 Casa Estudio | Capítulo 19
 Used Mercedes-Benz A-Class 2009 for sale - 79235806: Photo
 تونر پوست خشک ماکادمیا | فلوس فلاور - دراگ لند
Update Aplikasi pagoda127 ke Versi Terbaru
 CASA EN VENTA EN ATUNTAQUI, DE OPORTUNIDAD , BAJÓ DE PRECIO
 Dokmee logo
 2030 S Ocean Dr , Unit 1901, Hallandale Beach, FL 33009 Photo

***

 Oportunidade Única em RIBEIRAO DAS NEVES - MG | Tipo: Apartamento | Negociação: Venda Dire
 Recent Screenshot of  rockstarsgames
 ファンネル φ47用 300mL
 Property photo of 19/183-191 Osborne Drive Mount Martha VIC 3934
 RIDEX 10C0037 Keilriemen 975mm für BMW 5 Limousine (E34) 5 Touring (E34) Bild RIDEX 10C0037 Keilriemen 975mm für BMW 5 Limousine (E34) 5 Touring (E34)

***

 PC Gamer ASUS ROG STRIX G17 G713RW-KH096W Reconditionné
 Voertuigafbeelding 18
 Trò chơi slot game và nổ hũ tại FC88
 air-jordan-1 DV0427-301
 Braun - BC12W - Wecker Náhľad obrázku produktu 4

***

* Work required *
Could you restate, word for word, the lines above from the one with "ファンネル φ47用 300mL" to the one with "Touring (E34) Bild", both included?

* Response area *
 ファンネル φ47用 300mL
 Property photo of 19/183-191 Osborne Drive Mount Martha VIC 3934
 RIDEX 10C0037 Keilriemen 975mm für BMW 5 Limousine (E34) 5 Touring (E34) Bild RIDEX 10C0037 Keilriemen 975mm für BMW 5 Limousine (E34) 5 Touring (E34)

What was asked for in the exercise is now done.